• [RECORDS SUPPLIED]:
********
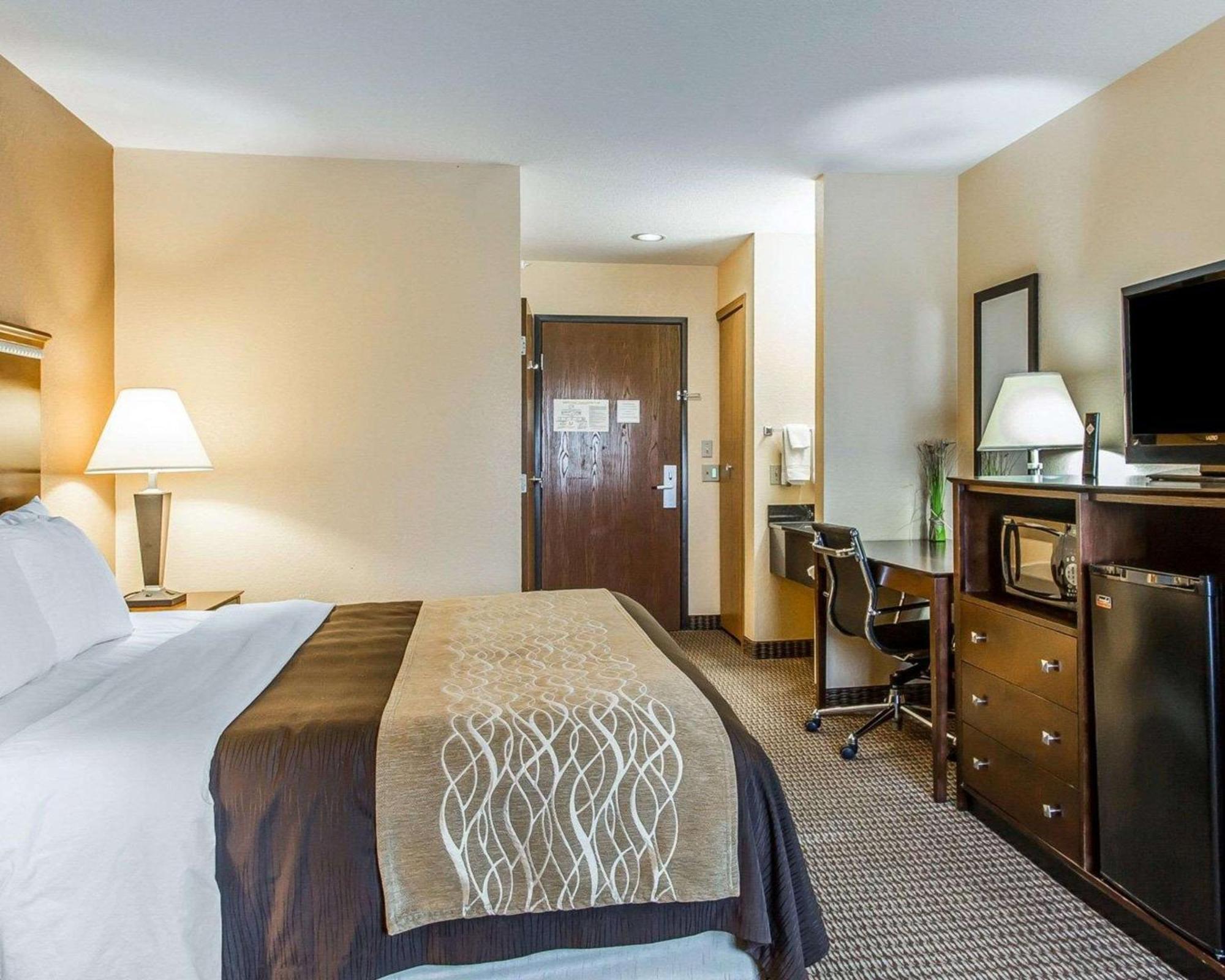 Quality Inn & Suites Mount Pleasant Esterno foto
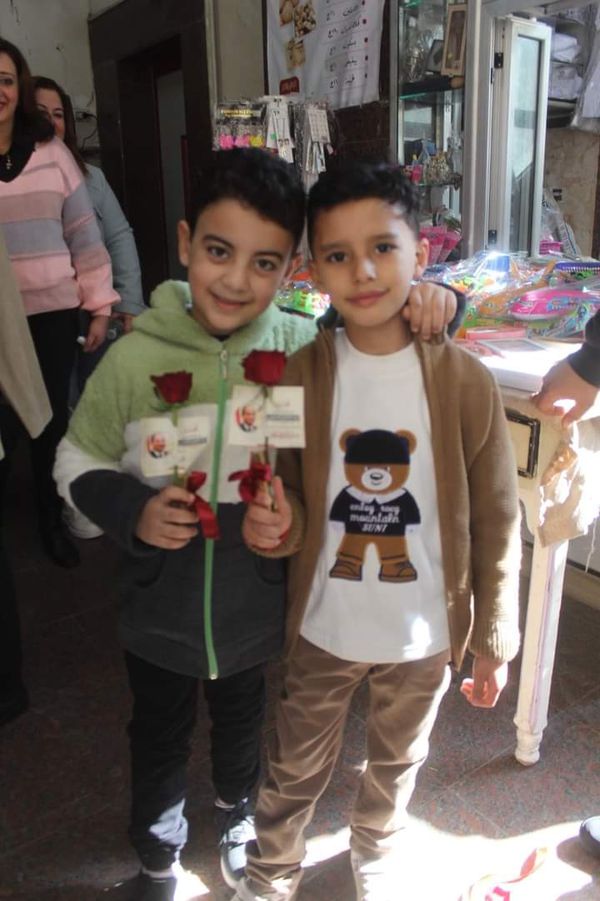 توزيع الورود والهدايا على الأطفال 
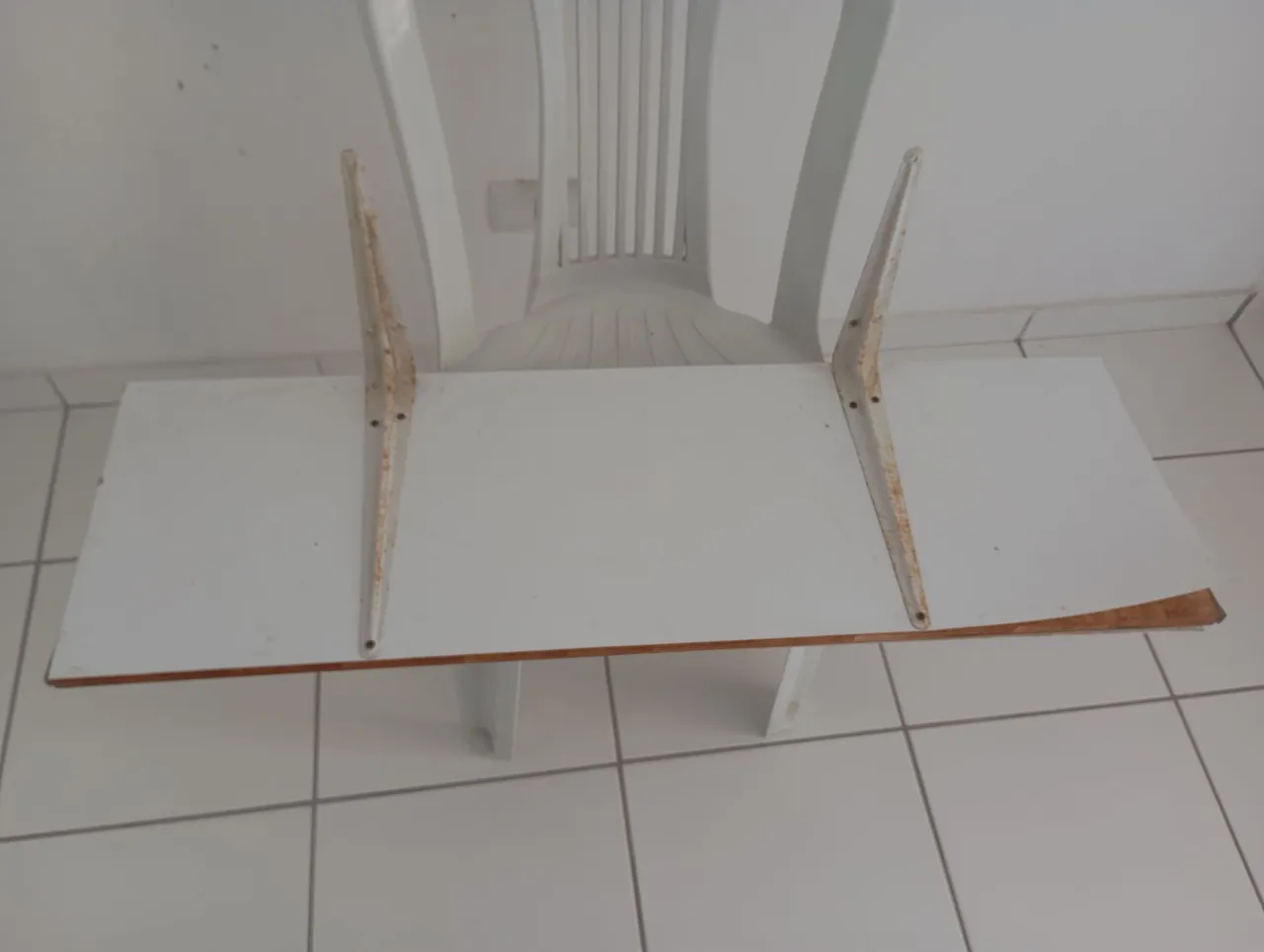 Prateleira de Madeira com Suporte
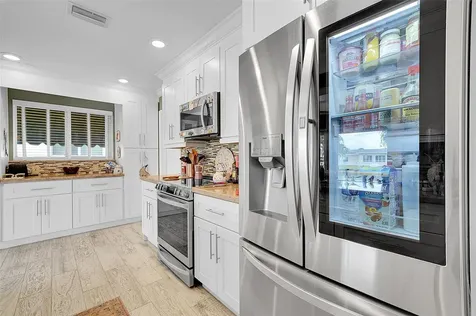 4600 NW 45th Street Tamarac FL 33319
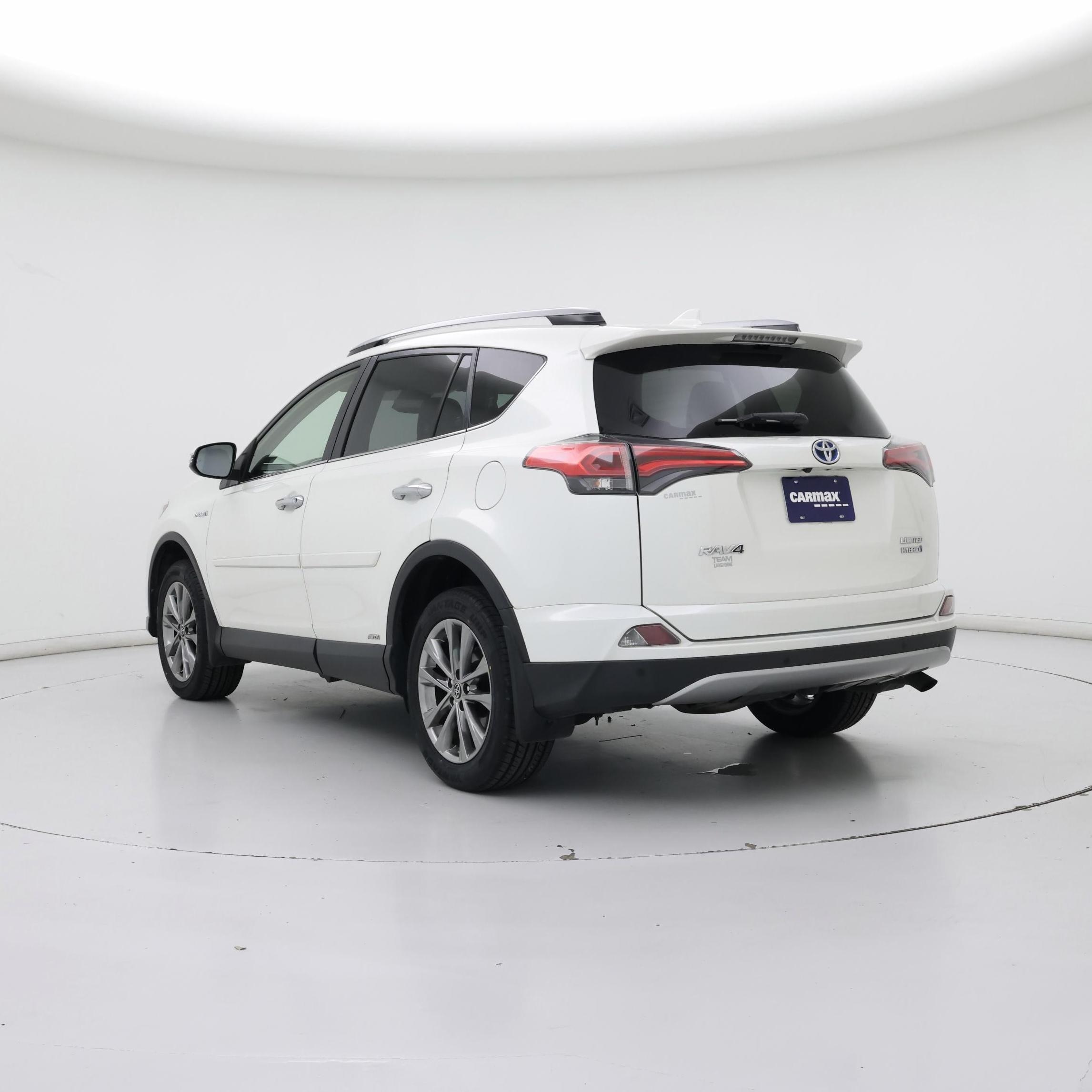 Thumbnail: 2018 Toyota RAV4 - 2
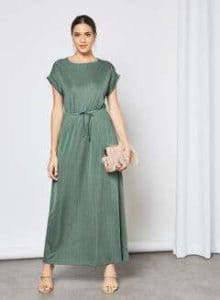 فستان سواريه أخضر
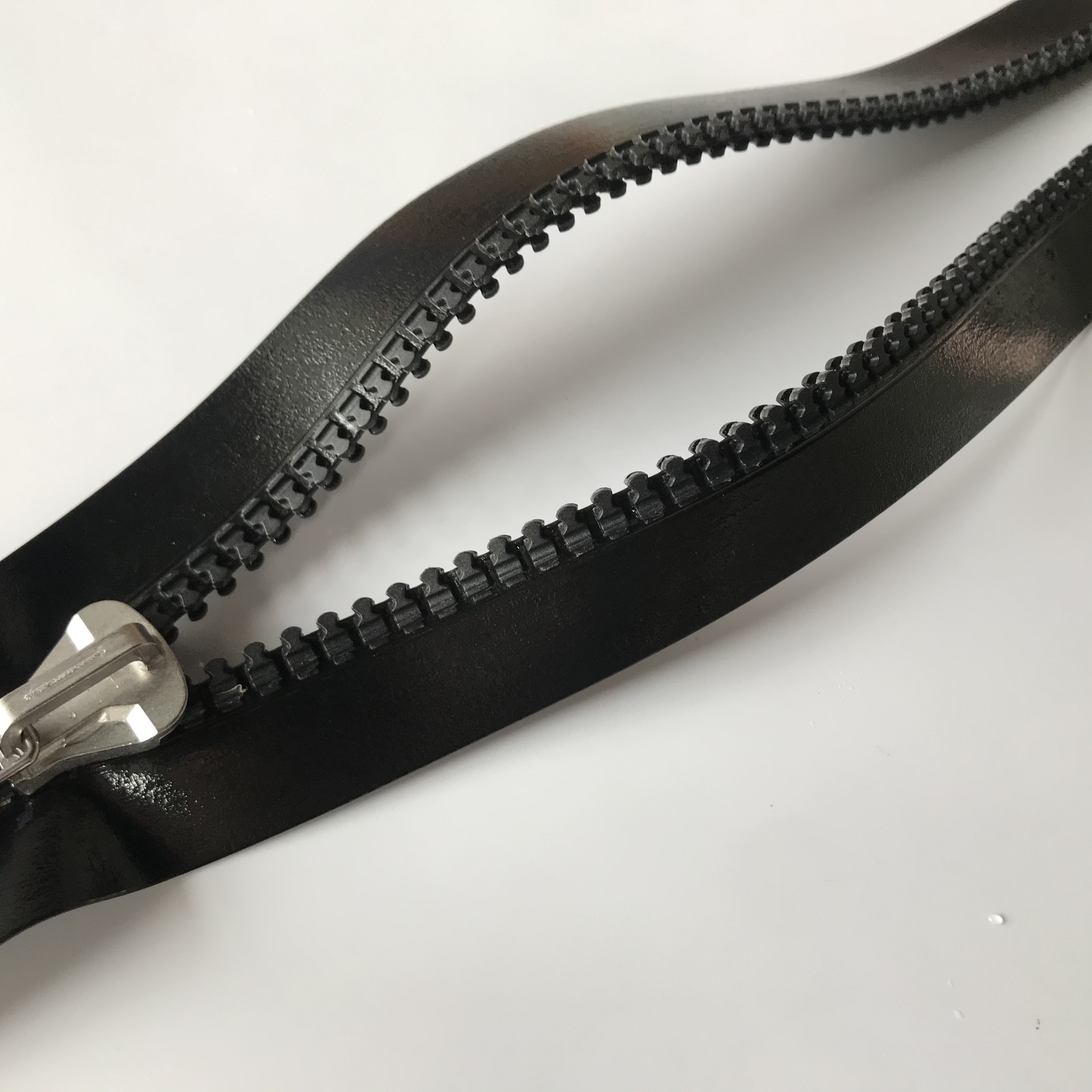 Airtight Slider Zipper, TPU Weldable Isolation For Diving Suit, TPU Coated Tape, Resin Teeth, Metal Slider.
********
• [REQUIRED ACTION]:
All of the material must be repeated exactly in the answer, apart from the pictures.

• [SOLUTION]:
 Quality Inn & Suites Mount Pleasant Esterno foto
 توزيع الورود والهدايا على الأطفال 
 Prateleira de Madeira com Suporte
 4600 NW 45th Street Tamarac FL 33319
 Thumbnail: 2018 Toyota RAV4 - 2
 فستان سواريه أخضر
 Airtight Slider Zipper, TPU Weldable Isolation For Diving Suit, TPU Coated Tape, Resin Teeth, Metal Slider.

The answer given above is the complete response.